Arkona - Ot Serdka K Nebu


Style: Pagan folk metal

Liste des morceaux:

1. Prologue
2. Pokrovy Nebesnogo Startsa
3.Slava Kupala!!!
4. Ot Serdca K Neby
5. Oh, Pechal’-Toska
6. Gutsulka
7. Strela
8. Nad Propastiu Let
9. Slavsia, Tus’!
10. Kupala I Kostroma
11. Tsygular
12. Sva
13. Katitsia Kolo
14. Epilogue

Chronique:

Nous avons là une superbe formation venue tout droit de Moscou et qui nous entraîne dans le monde merveilleux du paganisme! Cette galette est un concentré de sensations fortes et d’originalité vraiment exceptionnelles. Son écoute a le pouvoir de nous faire oublier le monde dans lequel nous vivons, et il est difficile de ne pas ressentir mystère, extase et évasion! En effet, l'album détient un tel côté mystique qu’il offre une magie imparable. Comment résister à un black agrémenté d’instruments traditionnels tels que la cornemuse, la flûte ou la guimbarde sublimement maîtrisés? C’est dynamique, passionné, varié, et talentueux…que demander de plus? Vous l’aurez compris, si j’en fais autant d’éloges, c’est que cet album m’a plu à un point rarissime. Et pourtant, aux premières écoutes, je n’ai pas vraiment accroché (merci Napalm Records), sûrement dû au style particulier. Aujourd’hui, je ne m’en passe plus, cet album est une drogue! Fans de pagan/black, vous découvrez là une perle…

C’est avec le prologue que nous arrivons sans escale dans un monde mystérieux, causé par un souffle musical magnifiquement embelli par de noirs bruitages et une guimbarde qui nous plante le décor fantastique. Là, je m’imagine, errant dans une forêt, sombre et isolée, où je rencontre une femme (Masha) me parlant en russe, (langue qui aide à ce côté mystique!) et qui ne me dit rien qui vaille.
Pokrovy Nebesnogo Startsa est du black pur et dur, mélodieux est bien rythmé où l’on ne peut s’empêcher de bouger la tête. On entend les premiers vocaux saturés féminins (assez rare), et lorsque la cornemuse arrive, aussi dynamique soit-elle, on rencontre la deuxième phase d’extase. Moi ça me donne envie de lever le bras et de crier « hey! Hey! Hey! ». Petit passage atmo, habillé d’accordéon, de guitare acoustique et de flûte qui me vaut encore un coup de cœur, et on repart gentiment dans le saturé. Des chants clairs arrivent, qu’on ne peut éviter de fredonner aux délicieux chœurs masculins. Une fois de plus, ce superbe passage atmo, qui refuse d’ouvrir mes yeux et de quitter ce doux rêve…
Un feu crépite, une petite intro acoustique, et on repart sur un Black gentillet, accompagné de cris rageurs et de cornemuse.
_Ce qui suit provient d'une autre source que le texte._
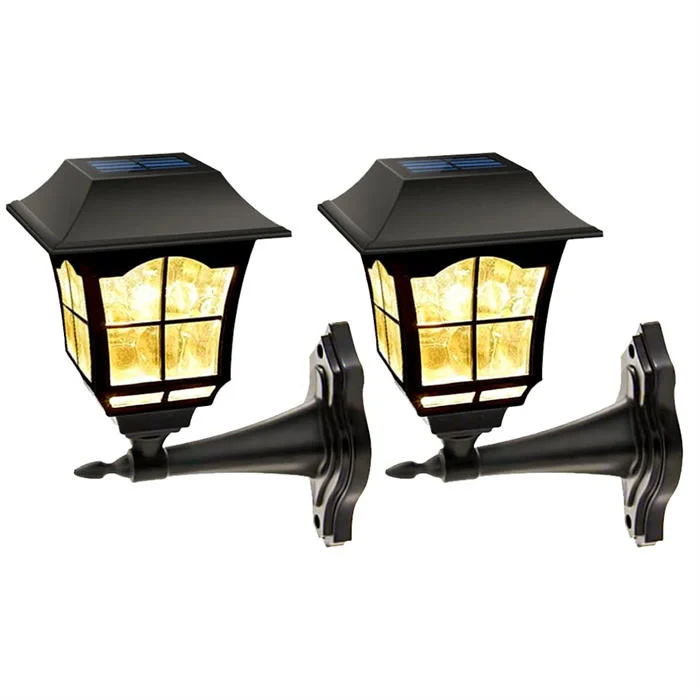 Mur solaire Lantern Outdoor Noël lumières solaires mur 15 lumens bougeoir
La particularité de ce titre: les chants clairs, entraînants à souhait, rapides et sans paroles, suivi d’une rythmique hors pair…Le voyage continue!
Sur Ot Serdca K Nebu, une flûte nous offre une mélodie d’une beauté exquise, et Masha nous chante, toujours dans sa langue natale et d’une voix claire, des paroles toujours rivées sur le paganisme. On retrouve là un petit passage très folk et acoustique, et je n’imagine pas ce titre sans cette flûte…Un Black revient, et la transition est une telle réussite qu’elle ne choque en rien.
Oh, Pechal’-Toska Ici, ça commence tout doucement. Peu de musique, mais toujours la voix de notre chanteuse bavarde. Tout reste tranquille, grâce à un piano simpliste, et pas mal de bruitages très bien trouvés.
Gutsulka. Ce titre est splendide. De la cornemuse, ni plus ni moins, qui sera accompagnée quelques secondes plus tard d’une rythmique aux couleurs du Moyen-âge.
Avec Strela, lenteur et douceur sont au rendez-vous. Il n’y a pas grand chose à ajouter, si ce n’est que l’équilibre parfait du Metal, des chants et des instruments folks.
Dans Nad Propastiu Let, nous sommes plongés dans une nuit hivernale au milieu d'une forêt, ce sont les loups qui nous le disent. Suivi d’un black mélodieux et symphonique, ceci étant inévitable. Juste agrémenté de cornemuse et d’un rapide chant Black. Un passage folk comme on en retrouve dans l’opus, avec, pour une fois, les paroles d’un homme, et un air qui rappelle ceux des contes maléfiques. Une jolie mélodie au piano, et le tout repart, pour finir sur un synthé et quelques bruitages, me donnant l’impression de fuir quelques créatures mystérieuses au milieu de ma forêt, me retournant sans cesse sur mon passage.
Le jour se lève sur Slavsia, Tus’!, les oiseaux chantent, et la flûte nous réveille par une mélodie monstrueusement belle. Le synthé détient une grande place ici, notre chant féminin refait son apparition, accompagné de nos choeurs masculins, d’une guitare acoustique, et d’une musique tout simplement sublime, qui, après ma course folle, me donne cette impression de douceur qui se veut rassurante.
Kupala I Kostroma nous redonne du dynamisme, toujours suivi par la flûte et par les chants féminins, sans arriver sur de la brutalité, mais plutôt quelque chose qui donne envie de sauter et de danser grâce aux fameux « eeeehhh » de Masha!
C’est sur un air de cornemuse que naît de Tsygular, juste douceur et sérénité.
Sva: Du vent, une fois de plus, des pas se font entendre dans l’herbe sèche, et on part sur une compo de black sympho, accompagné de quatre notes de flûte répétées au début, rajoutant cet authentique air triste. Un passage folk, un chant féminin, on se retrouve sous la même configuration que Nad Propastiu Let, sauf que le titre meurt en douceur.
Un coup de tonnerre retentit sur Katitsia Kolo , qui sera suivi d’un doux metal, de chuchotements, de chants black, le tout sur un rythme simple, dont le décalage renforce la tonalité du titre. La fin est soutenue par un chant très particulier, indescriptible, écoutez donc…
L’épilogue arrive, et l’album se meurt tout comme il est né, par un souffle musical nous offrant ce mystère, dont le chant de Masha nous rappelle comme un rituel, accentué par une voix masculine incantatrice.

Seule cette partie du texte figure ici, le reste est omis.